Die Solar Impulse über der Golden Gate Bridge in San Francisco. solarimpulse / Revillard

Das Leichtbau-Flugzeug Solar Impulse von Pionier Bertrand Piccard ist zur Überquerung der USA gestartet. In der Schweiz bauen die Techniker schon die nächste Version des reinen Solarfliegers. Diese ist noch leichter und noch verwindungssteifer.

Bertrand Piccard und André Borschberg geht es mit Solar Impulse nicht nur darum, Rekorde aufzustellen, sondern sie wollen auch demonstrieren, dass Technologie mit erneuerbarer Energie im härtesten Einsatz in der Luft bestehen kann.

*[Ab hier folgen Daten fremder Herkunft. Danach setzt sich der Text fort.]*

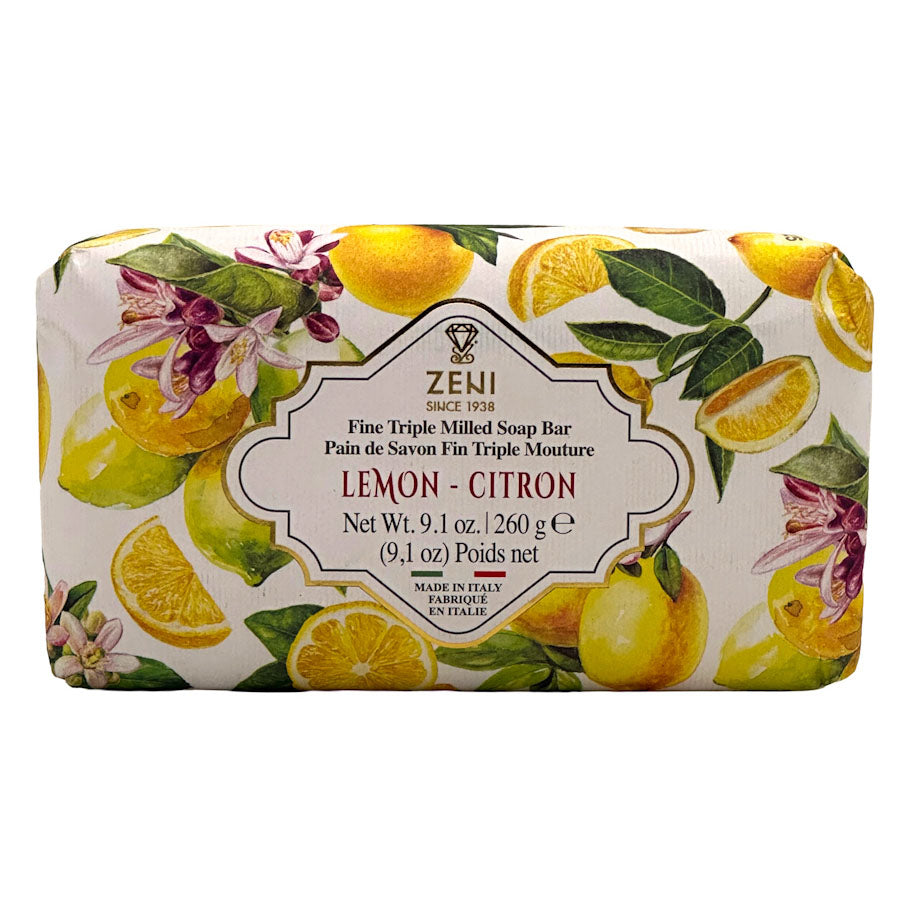 Zeni lemon soap bar with decorative packaging on a white background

Im bisherigen Verlauf des Projekts, an dem rund 80 Partnerfirmen beteiligt sind, darunter viele aus der Schweiz, konnte das Team einen riesengrossen Schatz an Erkenntnissen gewinnen, der die ursprünglichen Hoffnungen weit übertrifft.

In der Westschweiz, verborgen vor Kameras, schreitet derweil die Konstruktion der HB-SIB voran, der nächsten Evolutionsstufe der Solar Impulse. Für die beteiligten Firmen und die Eidgenössische Technische Hochschule Lausanne (EPFL) als wissenschaftliche Beraterin stellt das ultraleichte Solarflugzeug einen Berg von technologischen Herausforderungen dar. Eine davon ist die Jagd nach den richtigen, sprich, den besten Materialien.

Am ganzen Flugzeug findet sich keine einzige Niete – sämtliche Verbindungen der Teile sind geklebt. Damit der Traum vom Nonstop-Flug um die Erde mit reiner Sonnenenergie wahr werden kann, mussten die Ingenieure und Wissenschaftler die Entwicklung von Verbundwerkstoffen in neue Dimensionen treiben.Die neuen Materialien müssen zwei Hauptkriterien erfüllen: Sie müssen noch leichter sein und noch verwindungssteifer sein als alle bisherigen Entwicklungen.

Angepackt haben diese Aufgabe Spezialisten der Firmen Décision SA und North TPT, beide aus der Boom-Region Lausanne und aus dem Bootsbau stammend. Dabei arbeiten sie eng mit Technikern der EPFL zusammen.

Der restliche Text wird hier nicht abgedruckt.